Previous to his current positions, Dr. Walker was the President and CEO of the USA Pavilion at the 2017 World EXPO in Astana, Kazakhstan, and Senior Vice President at APCO Worldwide. He alsoserved in the State Department as a Senior Advisor to the Secretary of State and for the Joint Chiefs at the Department of Defense focused on public-private partnerships and strategy more broadly.

Mr. Eugene Yi
Co-Founder and President, Cortico
Eugene Yi​ is Co-founder and President of Cortico, a non-profit in cooperation with the MIT  Media Lab, aiming to foster constructive public conversation in communities and in the media  to improve our understanding of one another. He is a Visiting Researcher at the Laboratory for  Social Machines at the MIT Media Lab.  

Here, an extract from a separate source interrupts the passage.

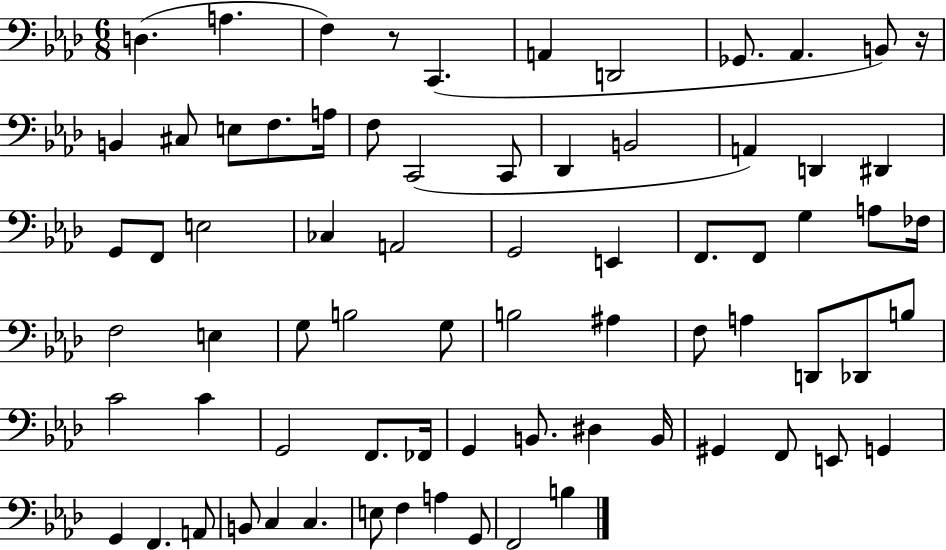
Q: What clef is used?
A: bass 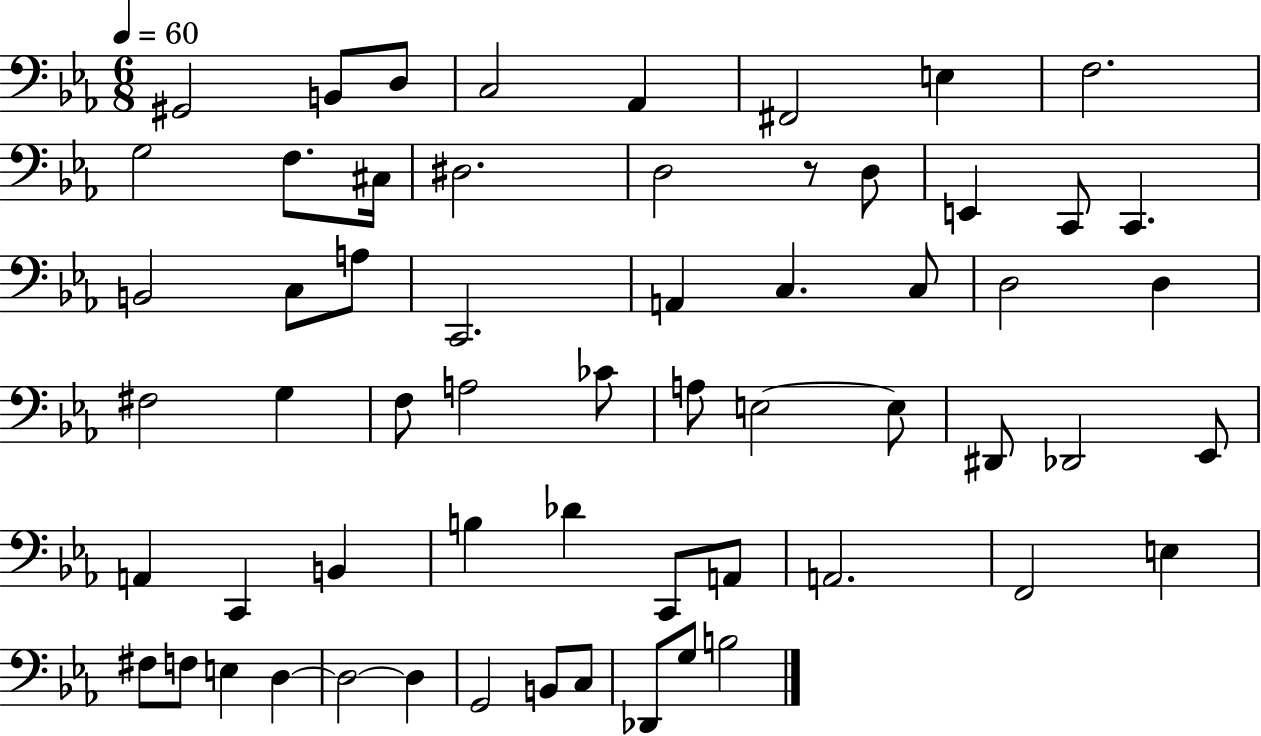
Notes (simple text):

G#2/h B2/e D3/e C3/h Ab2/q F#2/h E3/q F3/h. G3/h F3/e. C#3/s D#3/h. D3/h R/e D3/e E2/q C2/e C2/q. B2/h C3/e A3/e C2/h. A2/q C3/q. C3/e D3/h D3/q F#3/h G3/q F3/e A3/h CES4/e A3/e E3/h E3/e D#2/e Db2/h Eb2/e A2/q C2/q B2/q B3/q Db4/q C2/e A2/e A2/h. F2/h E3/q F#3/e F3/e E3/q D3/q D3/h D3/q G2/h B2/e C3/e Db2/e G3/e B3/h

Previously, Eugene led product for the Electome project in the Laboratory for Social Machines  at the MIT Media Lab, using machine learning analytics to track the horserace of ideas in the  2016 U.S. presidential elections for media organizations and the Commission on Presidential  Debates. From from 2013 to 2016, he was the Head of Asia Public Policy for Twitter and  helped build Twitter’s market presence in Asia and developed the company's hyperlocal and  global corporate social responsibility mission. He worked for Tencent on the WeChat  international business team in 2012. He served in the U.S. Department of State at Embassy  Beijing as a Political Officer covering Internet freedom, Islam in China, and the Six-Party Talks  from 2009 to 2011. He was a Strategist for East Asia national security issues for the Office of  the Secretary of Defense in the U.S. Department of Defense and formerly served as a Country  Director for China and Korea at the Office of the Secretary of Defense, Policy from 2008 to  2009. Eugene is a 2019 Presidential Leadership Scholar, Asia 21 Young Leader at the Asia  Society, Google Next Gen Policy Fellow, and a Fellow at the International House of Japan.  

He is fluent in English, Korean, and Mandarin Chinese, and has basic proficiency in Japanese.  Eugene graduated with honors from Princeton University with a Bachelor’s and a Master in  Public Affairs degree in the Woodrow Wilson School of International and Public Affairs as a  Robertson Scholar. He lives in New York City and volunteers as a science mentor for girls who  want to be coders and makers. 


The I-House network

American members of the I-House comprise a dynamic group of scholars, practitioners, and business leaders engaged in building deeper bonds between American and Japanese society.